Requirement: Nothing outside the range below should be printed. Output exactly the lines from the line with "0.96 CT Natural" to the line with "InLine® Solid Installation", both included.

*** Task material Section Begins ***

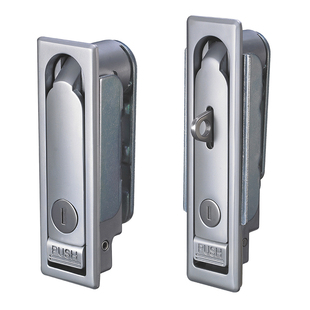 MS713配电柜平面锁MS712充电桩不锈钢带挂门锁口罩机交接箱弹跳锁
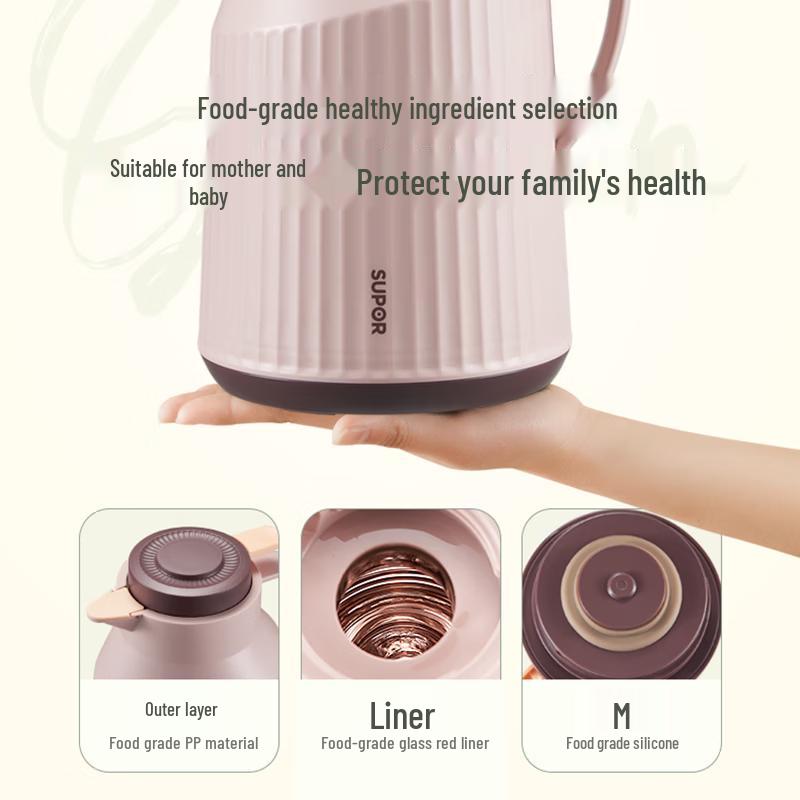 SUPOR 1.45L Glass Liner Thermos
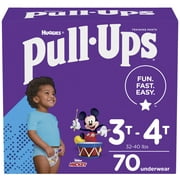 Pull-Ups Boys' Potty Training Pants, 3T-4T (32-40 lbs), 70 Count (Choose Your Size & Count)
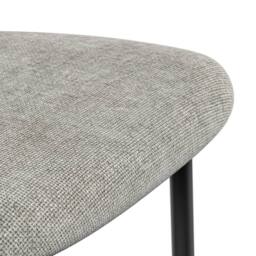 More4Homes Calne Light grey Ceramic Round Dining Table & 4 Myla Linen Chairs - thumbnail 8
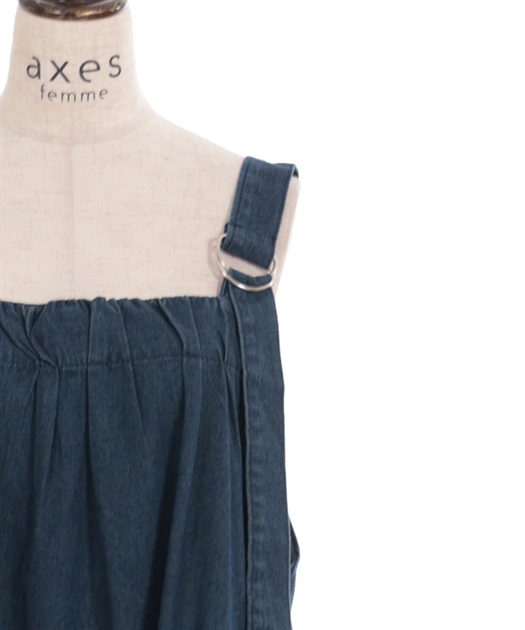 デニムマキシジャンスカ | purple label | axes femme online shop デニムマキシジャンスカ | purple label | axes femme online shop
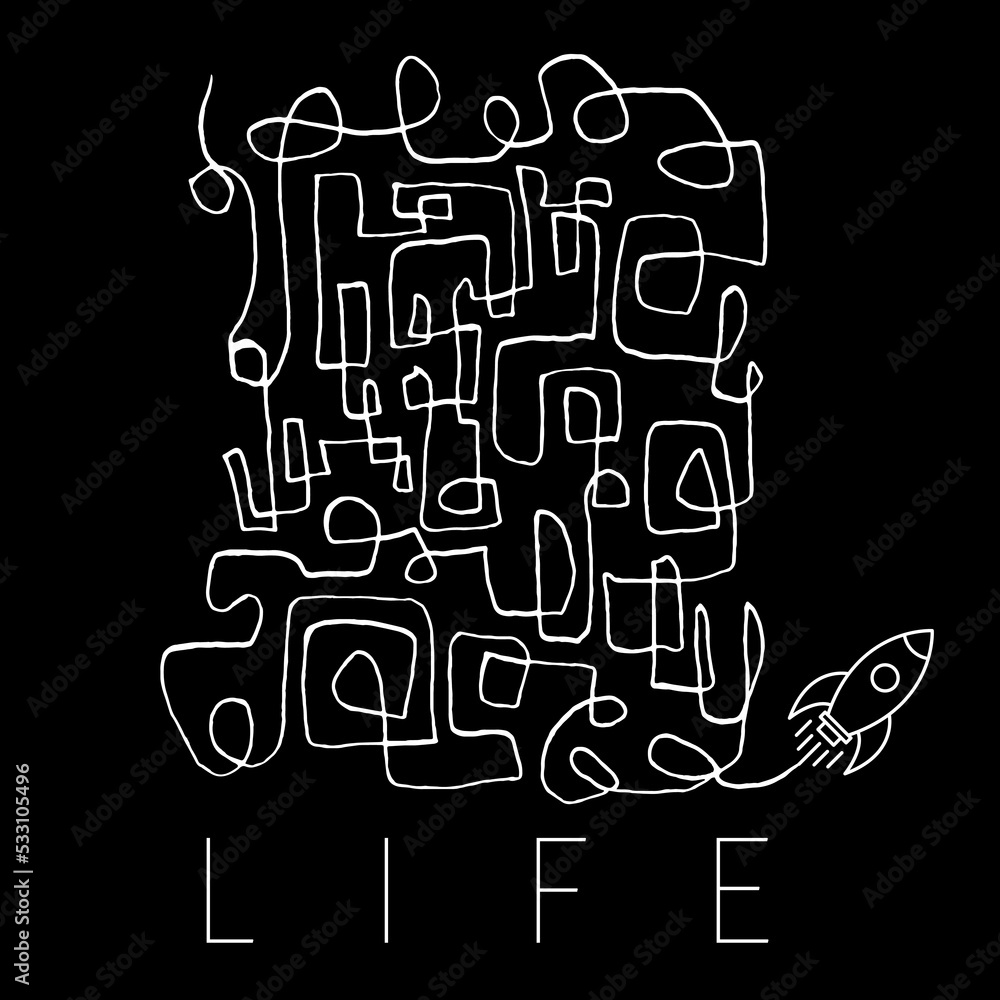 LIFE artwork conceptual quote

*** Task material Section Ends ***
*** Task material Section Begins ***

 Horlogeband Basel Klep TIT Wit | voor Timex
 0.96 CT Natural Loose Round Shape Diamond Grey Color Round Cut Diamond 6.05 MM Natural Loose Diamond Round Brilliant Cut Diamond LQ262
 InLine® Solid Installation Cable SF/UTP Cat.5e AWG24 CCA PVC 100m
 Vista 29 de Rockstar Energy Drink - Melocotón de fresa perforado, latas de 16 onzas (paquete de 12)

*** Task material Section Ends ***

Task result:
 0.96 CT Natural Loose Round Shape Diamond Grey Color Round Cut Diamond 6.05 MM Natural Loose Diamond Round Brilliant Cut Diamond LQ262
 InLine® Solid Installation Cable SF/UTP Cat.5e AWG24 CCA PVC 100m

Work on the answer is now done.